* **Problem requirements**
Please write out all of the records below exactly as they appear.

* **Materials provided**
= Beginning of Section =

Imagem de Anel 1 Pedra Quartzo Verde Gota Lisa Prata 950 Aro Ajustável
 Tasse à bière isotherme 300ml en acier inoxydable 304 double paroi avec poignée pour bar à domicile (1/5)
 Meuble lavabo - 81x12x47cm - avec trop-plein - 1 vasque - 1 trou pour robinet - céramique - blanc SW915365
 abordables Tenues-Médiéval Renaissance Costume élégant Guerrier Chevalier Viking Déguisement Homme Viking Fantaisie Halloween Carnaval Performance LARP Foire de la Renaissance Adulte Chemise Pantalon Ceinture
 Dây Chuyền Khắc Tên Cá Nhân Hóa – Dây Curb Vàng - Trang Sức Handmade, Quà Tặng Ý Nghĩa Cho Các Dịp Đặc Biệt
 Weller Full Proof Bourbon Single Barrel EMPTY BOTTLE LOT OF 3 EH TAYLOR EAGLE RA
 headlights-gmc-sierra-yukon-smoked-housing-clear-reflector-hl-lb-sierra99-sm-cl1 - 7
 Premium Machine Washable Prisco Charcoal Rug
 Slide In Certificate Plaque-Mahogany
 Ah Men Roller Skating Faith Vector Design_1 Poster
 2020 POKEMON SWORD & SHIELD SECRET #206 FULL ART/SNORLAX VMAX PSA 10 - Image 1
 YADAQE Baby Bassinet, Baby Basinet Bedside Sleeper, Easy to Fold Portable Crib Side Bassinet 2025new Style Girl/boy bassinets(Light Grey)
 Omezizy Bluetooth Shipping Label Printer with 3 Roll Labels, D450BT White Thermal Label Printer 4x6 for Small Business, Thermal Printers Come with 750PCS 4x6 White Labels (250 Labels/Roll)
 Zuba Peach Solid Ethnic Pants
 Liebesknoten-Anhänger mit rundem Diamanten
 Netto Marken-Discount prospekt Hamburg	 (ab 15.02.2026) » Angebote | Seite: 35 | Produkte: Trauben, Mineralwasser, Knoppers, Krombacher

= End of Section =

* **Written reply**
Imagem de Anel 1 Pedra Quartzo Verde Gota Lisa Prata 950 Aro Ajustável
 Tasse à bière isotherme 300ml en acier inoxydable 304 double paroi avec poignée pour bar à domicile (1/5)
 Meuble lavabo - 81x12x47cm - avec trop-plein - 1 vasque - 1 trou pour robinet - céramique - blanc SW915365
 abordables Tenues-Médiéval Renaissance Costume élégant Guerrier Chevalier Viking Déguisement Homme Viking Fantaisie Halloween Carnaval Performance LARP Foire de la Renaissance Adulte Chemise Pantalon Ceinture
 Dây Chuyền Khắc Tên Cá Nhân Hóa – Dây Curb Vàng - Trang Sức Handmade, Quà Tặng Ý Nghĩa Cho Các Dịp Đặc Biệt
 Weller Full Proof Bourbon Single Barrel EMPTY BOTTLE LOT OF 3 EH TAYLOR EAGLE RA
 headlights-gmc-sierra-yukon-smoked-housing-clear-reflector-hl-lb-sierra99-sm-cl1 - 7
 Premium Machine Washable Prisco Charcoal Rug
 Slide In Certificate Plaque-Mahogany
 Ah Men Roller Skating Faith Vector Design_1 Poster
 2020 POKEMON SWORD & SHIELD SECRET #206 FULL ART/SNORLAX VMAX PSA 10 - Image 1
 YADAQE Baby Bassinet, Baby Basinet Bedside Sleeper, Easy to Fold Portable Crib Side Bassinet 2025new Style Girl/boy bassinets(Light Grey)
 Omezizy Bluetooth Shipping Label Printer with 3 Roll Labels, D450BT White Thermal Label Printer 4x6 for Small Business, Thermal Printers Come with 750PCS 4x6 White Labels (250 Labels/Roll)
 Zuba Peach Solid Ethnic Pants
 Liebesknoten-Anhänger mit rundem Diamanten
 Netto Marken-Discount prospekt Hamburg	 (ab 15.02.2026) » Angebote | Seite: 35 | Produkte: Trauben, Mineralwasser, Knoppers, Krombacher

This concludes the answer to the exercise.